Task directions: Where in the data below does the word "Express" appear? Copy each line that holds it.

Dataset entries:
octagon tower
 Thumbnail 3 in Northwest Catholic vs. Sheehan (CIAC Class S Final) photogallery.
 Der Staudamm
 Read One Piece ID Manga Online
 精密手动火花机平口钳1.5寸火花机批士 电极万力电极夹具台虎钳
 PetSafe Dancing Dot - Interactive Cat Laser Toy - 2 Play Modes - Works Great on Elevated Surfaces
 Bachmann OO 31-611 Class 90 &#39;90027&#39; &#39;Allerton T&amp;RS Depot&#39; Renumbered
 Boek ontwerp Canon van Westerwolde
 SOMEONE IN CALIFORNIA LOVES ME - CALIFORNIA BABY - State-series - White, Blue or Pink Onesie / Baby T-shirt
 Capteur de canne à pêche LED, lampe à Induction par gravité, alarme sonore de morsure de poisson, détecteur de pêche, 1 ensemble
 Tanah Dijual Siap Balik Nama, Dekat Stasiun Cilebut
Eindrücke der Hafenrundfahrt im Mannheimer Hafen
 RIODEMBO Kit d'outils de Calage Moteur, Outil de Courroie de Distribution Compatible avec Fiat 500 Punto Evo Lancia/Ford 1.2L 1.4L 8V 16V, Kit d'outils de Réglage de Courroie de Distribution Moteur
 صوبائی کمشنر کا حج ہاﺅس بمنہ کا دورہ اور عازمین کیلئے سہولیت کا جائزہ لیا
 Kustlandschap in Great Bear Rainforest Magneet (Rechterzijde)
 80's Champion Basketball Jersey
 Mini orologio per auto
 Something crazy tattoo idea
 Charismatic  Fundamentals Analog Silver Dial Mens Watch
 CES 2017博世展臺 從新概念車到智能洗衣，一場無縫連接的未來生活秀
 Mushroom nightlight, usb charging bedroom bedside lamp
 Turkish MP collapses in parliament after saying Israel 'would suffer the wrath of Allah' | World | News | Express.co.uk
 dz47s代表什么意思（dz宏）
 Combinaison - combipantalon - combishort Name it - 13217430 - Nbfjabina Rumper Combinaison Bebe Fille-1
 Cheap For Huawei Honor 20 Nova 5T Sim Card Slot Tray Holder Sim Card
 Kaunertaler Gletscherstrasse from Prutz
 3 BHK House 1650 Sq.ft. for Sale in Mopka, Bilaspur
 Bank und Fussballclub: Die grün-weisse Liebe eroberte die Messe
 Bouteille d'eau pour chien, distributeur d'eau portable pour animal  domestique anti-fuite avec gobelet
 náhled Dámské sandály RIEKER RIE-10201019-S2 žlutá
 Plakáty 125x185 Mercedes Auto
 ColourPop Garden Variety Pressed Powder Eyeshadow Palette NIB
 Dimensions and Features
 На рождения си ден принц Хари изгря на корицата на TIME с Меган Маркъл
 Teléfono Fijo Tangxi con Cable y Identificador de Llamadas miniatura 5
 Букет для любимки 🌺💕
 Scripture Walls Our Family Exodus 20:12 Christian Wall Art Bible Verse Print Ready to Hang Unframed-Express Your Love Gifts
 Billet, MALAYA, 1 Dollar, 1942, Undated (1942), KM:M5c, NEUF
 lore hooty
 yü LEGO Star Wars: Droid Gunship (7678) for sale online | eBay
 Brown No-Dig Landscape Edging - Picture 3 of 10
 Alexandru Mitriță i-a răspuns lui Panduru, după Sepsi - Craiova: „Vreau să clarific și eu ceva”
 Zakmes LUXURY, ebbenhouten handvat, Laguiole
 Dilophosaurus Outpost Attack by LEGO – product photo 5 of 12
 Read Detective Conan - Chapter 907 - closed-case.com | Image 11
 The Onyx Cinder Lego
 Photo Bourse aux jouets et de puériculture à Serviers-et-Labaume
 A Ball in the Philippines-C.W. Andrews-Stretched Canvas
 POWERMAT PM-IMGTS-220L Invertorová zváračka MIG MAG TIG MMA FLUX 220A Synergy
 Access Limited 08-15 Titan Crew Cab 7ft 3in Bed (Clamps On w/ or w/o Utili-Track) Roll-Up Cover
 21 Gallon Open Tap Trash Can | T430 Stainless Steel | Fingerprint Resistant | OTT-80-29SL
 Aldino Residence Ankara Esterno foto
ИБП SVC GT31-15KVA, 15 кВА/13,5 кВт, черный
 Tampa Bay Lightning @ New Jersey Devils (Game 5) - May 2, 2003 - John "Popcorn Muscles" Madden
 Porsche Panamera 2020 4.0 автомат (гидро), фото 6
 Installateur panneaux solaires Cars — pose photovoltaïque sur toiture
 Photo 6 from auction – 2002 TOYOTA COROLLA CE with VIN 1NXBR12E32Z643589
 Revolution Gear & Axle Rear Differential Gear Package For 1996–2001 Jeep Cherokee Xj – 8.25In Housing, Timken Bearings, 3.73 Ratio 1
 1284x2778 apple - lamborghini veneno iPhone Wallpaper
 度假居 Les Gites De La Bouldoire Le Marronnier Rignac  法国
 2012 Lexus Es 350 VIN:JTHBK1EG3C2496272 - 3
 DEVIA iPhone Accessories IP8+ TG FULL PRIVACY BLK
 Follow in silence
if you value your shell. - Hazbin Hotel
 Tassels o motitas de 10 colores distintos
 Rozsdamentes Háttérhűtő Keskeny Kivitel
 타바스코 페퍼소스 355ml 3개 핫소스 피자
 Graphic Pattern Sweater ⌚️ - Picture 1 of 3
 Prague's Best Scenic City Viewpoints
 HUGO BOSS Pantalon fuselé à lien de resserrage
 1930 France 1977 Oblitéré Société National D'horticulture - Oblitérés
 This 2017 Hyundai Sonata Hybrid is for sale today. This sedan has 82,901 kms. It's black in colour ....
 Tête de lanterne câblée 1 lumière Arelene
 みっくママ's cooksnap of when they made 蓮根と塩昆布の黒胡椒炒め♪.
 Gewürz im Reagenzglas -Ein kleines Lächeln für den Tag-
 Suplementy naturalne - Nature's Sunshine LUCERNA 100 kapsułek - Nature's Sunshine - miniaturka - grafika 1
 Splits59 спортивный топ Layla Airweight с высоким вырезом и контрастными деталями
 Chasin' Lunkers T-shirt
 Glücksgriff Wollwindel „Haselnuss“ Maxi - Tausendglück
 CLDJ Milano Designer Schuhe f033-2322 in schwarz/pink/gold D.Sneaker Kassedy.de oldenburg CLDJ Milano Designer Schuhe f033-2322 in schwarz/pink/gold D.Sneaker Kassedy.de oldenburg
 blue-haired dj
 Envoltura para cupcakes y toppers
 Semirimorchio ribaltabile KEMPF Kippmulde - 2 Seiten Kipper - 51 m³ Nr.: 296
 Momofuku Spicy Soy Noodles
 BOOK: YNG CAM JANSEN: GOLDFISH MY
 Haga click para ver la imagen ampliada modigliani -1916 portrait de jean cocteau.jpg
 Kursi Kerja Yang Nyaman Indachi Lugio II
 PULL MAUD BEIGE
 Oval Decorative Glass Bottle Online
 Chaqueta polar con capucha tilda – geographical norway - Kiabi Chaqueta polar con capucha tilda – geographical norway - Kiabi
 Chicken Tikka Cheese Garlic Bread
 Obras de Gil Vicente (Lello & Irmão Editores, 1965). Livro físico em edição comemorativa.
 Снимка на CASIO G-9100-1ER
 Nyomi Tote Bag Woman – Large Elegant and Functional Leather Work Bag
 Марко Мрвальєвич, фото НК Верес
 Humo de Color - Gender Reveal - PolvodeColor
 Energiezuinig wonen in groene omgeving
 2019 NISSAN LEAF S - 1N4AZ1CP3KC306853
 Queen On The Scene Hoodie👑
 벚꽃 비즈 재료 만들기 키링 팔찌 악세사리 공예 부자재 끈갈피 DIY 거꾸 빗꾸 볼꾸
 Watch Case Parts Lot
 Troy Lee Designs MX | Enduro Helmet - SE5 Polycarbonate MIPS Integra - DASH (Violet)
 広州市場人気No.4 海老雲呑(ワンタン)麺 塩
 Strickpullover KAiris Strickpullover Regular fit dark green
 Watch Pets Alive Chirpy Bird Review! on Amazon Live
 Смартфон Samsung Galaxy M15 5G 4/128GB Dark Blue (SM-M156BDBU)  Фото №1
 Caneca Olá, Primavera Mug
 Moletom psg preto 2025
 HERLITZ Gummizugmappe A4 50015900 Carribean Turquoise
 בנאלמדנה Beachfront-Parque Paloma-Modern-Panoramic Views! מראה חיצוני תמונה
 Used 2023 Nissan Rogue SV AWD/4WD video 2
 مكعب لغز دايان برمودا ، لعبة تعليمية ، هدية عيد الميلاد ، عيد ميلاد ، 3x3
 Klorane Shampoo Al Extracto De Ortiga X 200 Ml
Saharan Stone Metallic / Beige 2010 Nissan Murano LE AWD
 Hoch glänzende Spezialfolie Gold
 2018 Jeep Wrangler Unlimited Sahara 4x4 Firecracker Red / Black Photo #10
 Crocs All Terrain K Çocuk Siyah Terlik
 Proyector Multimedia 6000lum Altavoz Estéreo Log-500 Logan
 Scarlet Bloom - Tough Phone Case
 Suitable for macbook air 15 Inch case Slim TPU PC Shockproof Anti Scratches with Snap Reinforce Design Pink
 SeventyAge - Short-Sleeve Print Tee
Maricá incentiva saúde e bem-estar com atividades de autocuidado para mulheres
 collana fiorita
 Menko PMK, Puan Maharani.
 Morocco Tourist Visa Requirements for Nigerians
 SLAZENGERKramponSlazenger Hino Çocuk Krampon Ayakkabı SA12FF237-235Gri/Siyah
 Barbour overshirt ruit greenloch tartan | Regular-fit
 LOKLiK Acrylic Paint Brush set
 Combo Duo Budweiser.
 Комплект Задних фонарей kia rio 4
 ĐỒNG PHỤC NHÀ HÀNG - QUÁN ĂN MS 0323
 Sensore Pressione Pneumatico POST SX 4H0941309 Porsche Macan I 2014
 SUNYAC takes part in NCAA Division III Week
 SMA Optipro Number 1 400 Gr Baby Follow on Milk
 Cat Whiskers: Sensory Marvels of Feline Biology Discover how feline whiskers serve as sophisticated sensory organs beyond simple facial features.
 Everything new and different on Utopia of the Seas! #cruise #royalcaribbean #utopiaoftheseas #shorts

Response to this task:
 Turkish MP collapses in parliament after saying Israel 'would suffer the wrath of Allah' | World | News | Express.co.uk
 Scripture Walls Our Family Exodus 20:12 Christian Wall Art Bible Verse Print Ready to Hang Unframed-Express Your Love Gifts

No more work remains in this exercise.